FPGAs are becoming increasingly popular with software teams to accelerate critical portions of their code. In most cases these teams already have processing stacks and applications written in C that target embedded microprocessors or servers. For applications that require acceleration, a logical next step is to offload some portion of the code to an FPGA. A good way to do this is to migrate portions of the working microprocessor system to an FPGA while keeping the code base compatible with the original processor. This approach lowers risk and allows the software team to more easily experiment with alternate implementations, iterating toward an accelerated solution without creating a fundamentally different branch of the code.

This article describes how to identify which code sections can best benefit from hardware acceleration, use coding styles to retain commonality, and select hardware for both development and deployment.

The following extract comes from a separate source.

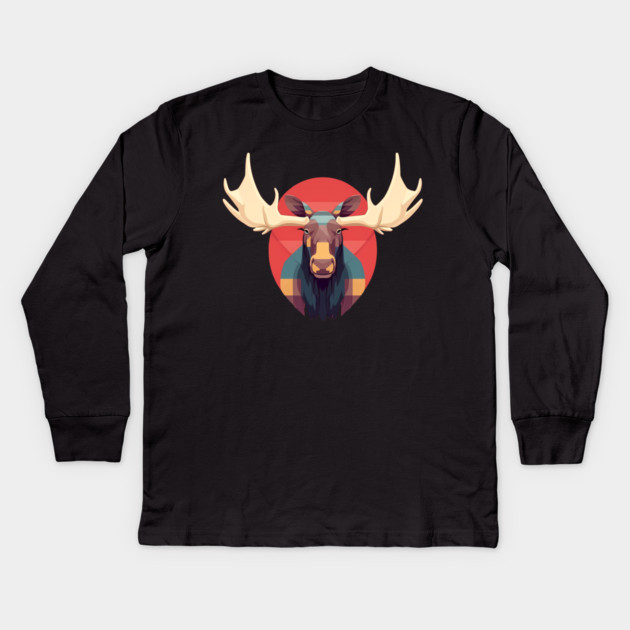Cool Moose, Forest Animal Kids Long Sleeve T-Shirt by logiamerch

Selecting code elements for hardware acceleration

FPGAs have a comparatively slow clock but can outperform CPUs by providing more opportunities for parallelism. CPUs are constrained by fixed instruction sets and fixed data paths, while FPGAs allow incremental flexibility to create a customized processor to solve a wide variety of embedded computing problems.

Efficient FPGA coding styles tend towards a “coarse grained parallel” approach to algorithm refactoring. This is coupled with automated or semi-automated compiler tools to generate finer-grained parallelism, for example by automatically scheduling parallel statements or by unrolling and pipelining inner code loops.

Microprocessors, in contrast, run at higher clock speeds and have instruction sets and other features that make programming with sequential programming models and languages more natural.

When evaluating which sections of a given application are most appropriate for FPGA acceleration, weigh both the I/O requirements and specific needs for accelerating specific computations. Moving data between an FPGA and a CPU can be enabled in many ways, depending on the architecture of the selected computing platform.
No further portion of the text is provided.